Dalam sistem pemerintahan Islam, negara berkewajiban memberikan perlindungan dan pelayanan kepada rakyat. Negara bertanggung jawab atas keselamatan, kenyamanan, dan keamanan masyarakat. Kehormatan, harta, dan nyawa warga harus dijaga. Negara wajib menegakkan hukum sesuai dengan petunjuk Al-Qur’an, Sunnah, Ijmak, dan Qiyas.

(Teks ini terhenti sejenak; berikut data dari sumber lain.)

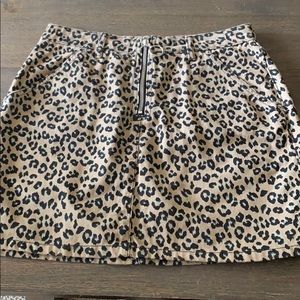 Leopard Print Topshop Miniskirt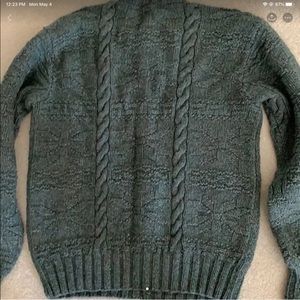 Polo by Ralph Lauren Dark Green Cable Knit Sweater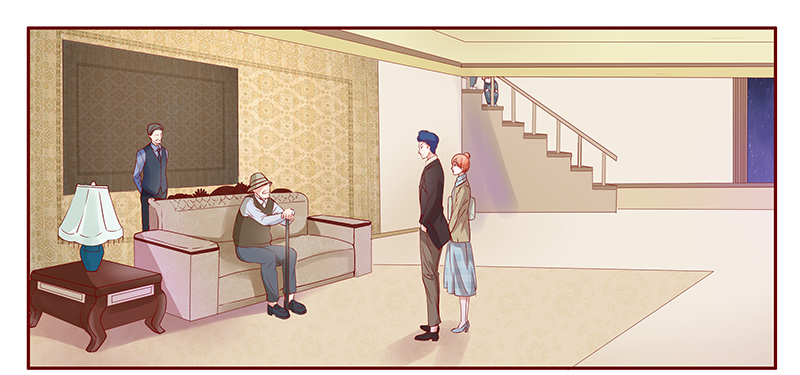 霸道总裁爱上我漫画,第107章：顾家的血统1图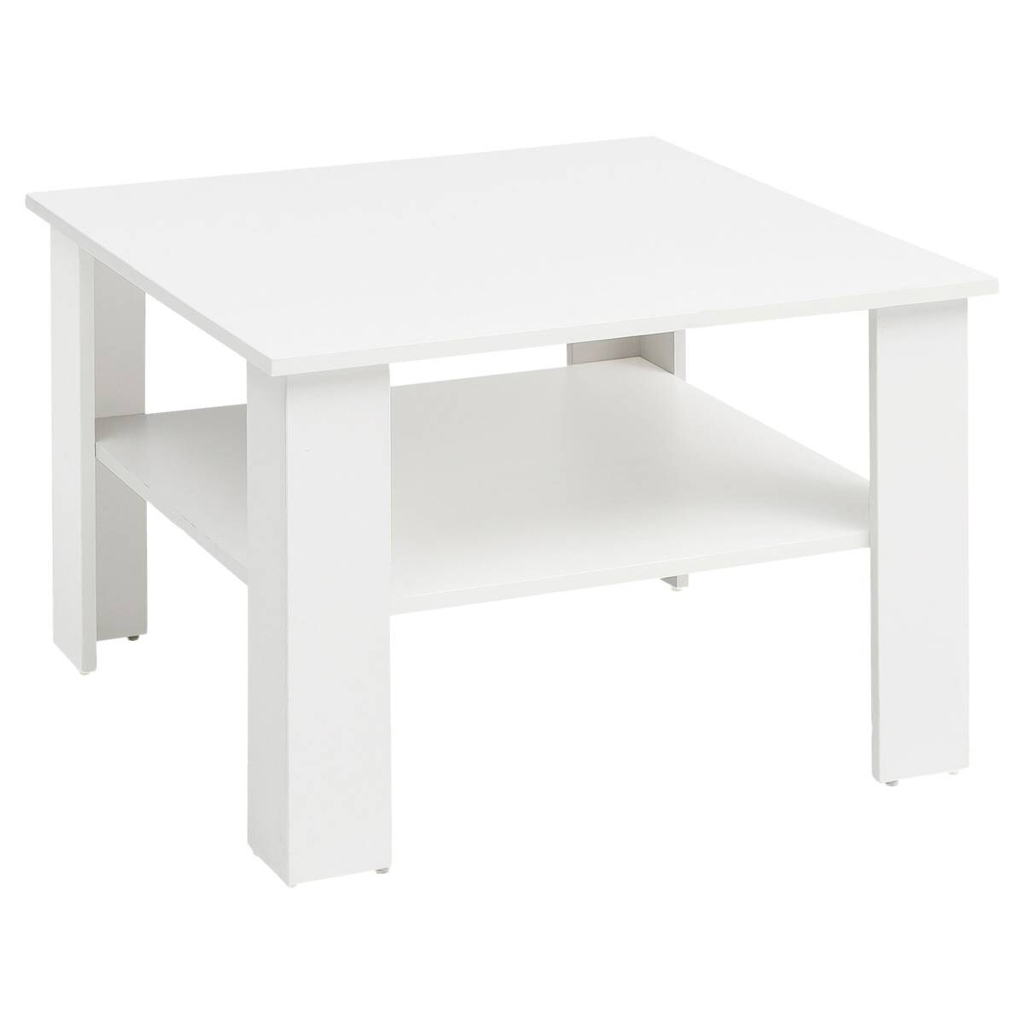 Wohnling Couchtisch weiß B/H/T: ca. 60x42x60 cm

Hukuman terhadap pelaku pembegalan ditentukan berdasarkan tindakan yang dilakukan. Jika hanya merampas harta tanpa kekerasan, pelaku dikenakan hukuman potong tangan kanan dan kaki kiri secara bersilangan. Jika hanya menakut-nakuti, maka pelaku diasingkan dari tempat tinggalnya. Jika melakukan pembunuhan, maka pelaku akan dibunuh. Jika membunuh dan merampas harta, pelaku akan dibunuh dan kemudian disalib di hadapan umum untuk memberi efek jera.

Inilah bentuk nyata keadilan dan ketegasan Islam dalam menjaga keamanan masyarakat. Hukum Islam memberikan efek jera dan menjaga agar kriminalitas tidak berkembang.

Dengan kembali menerapkan hukum Islam secara kafah, insya Allah masyarakat akan merasakan hidup yang aman, tenteram, dan diberkahi.